(What you have to do): The answer is the data below, repeated exactly, with no pictures included.

(Data below):

+===+

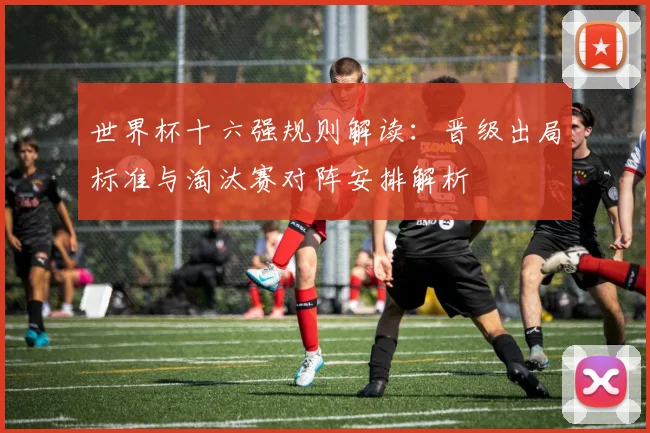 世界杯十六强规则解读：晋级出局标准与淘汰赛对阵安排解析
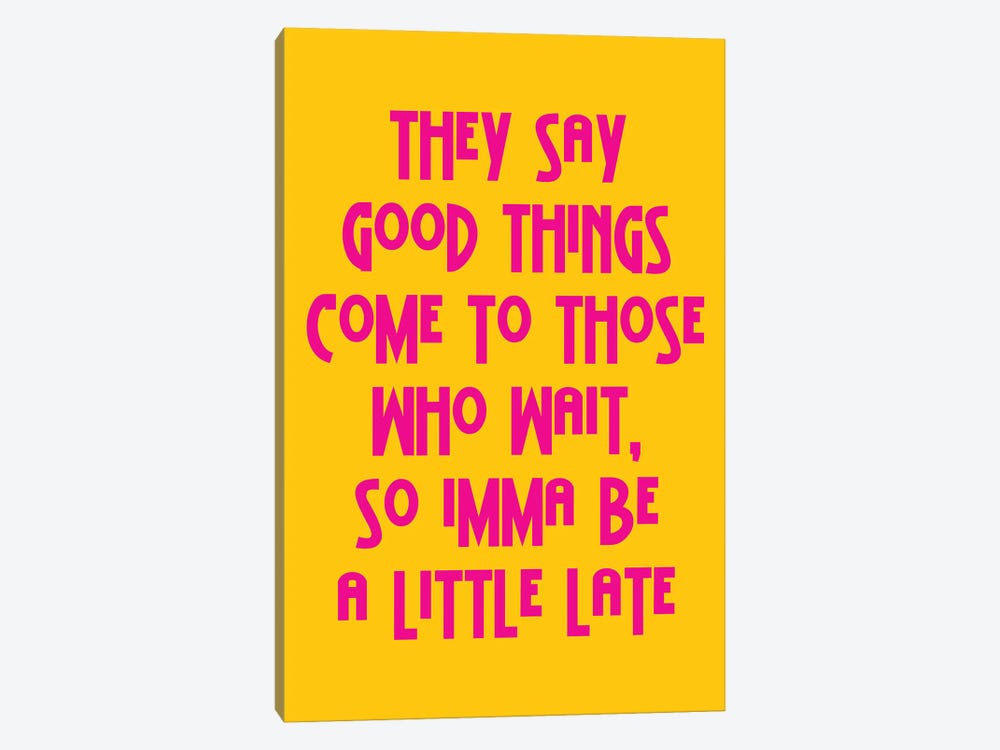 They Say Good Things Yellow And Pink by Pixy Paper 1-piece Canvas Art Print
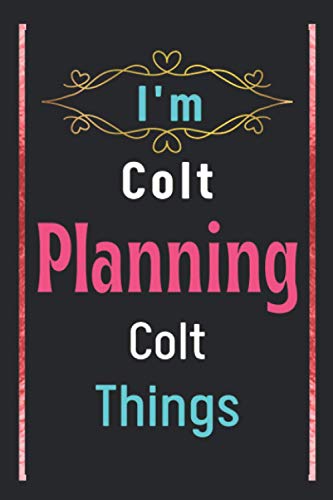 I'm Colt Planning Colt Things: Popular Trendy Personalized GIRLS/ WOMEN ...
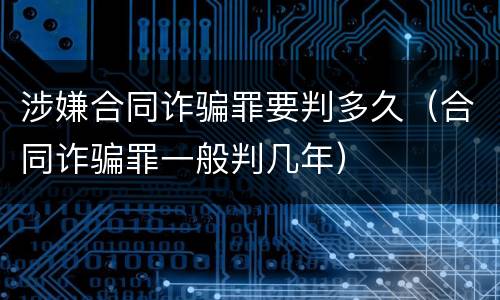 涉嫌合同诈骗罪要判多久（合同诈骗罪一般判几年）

+===+

(Response below):
 世界杯十六强规则解读：晋级出局标准与淘汰赛对阵安排解析
 They Say Good Things Yellow And Pink by Pixy Paper 1-piece Canvas Art Print
 I'm Colt Planning Colt Things: Popular Trendy Personalized GIRLS/ WOMEN ...
 涉嫌合同诈骗罪要判多久（合同诈骗罪一般判几年）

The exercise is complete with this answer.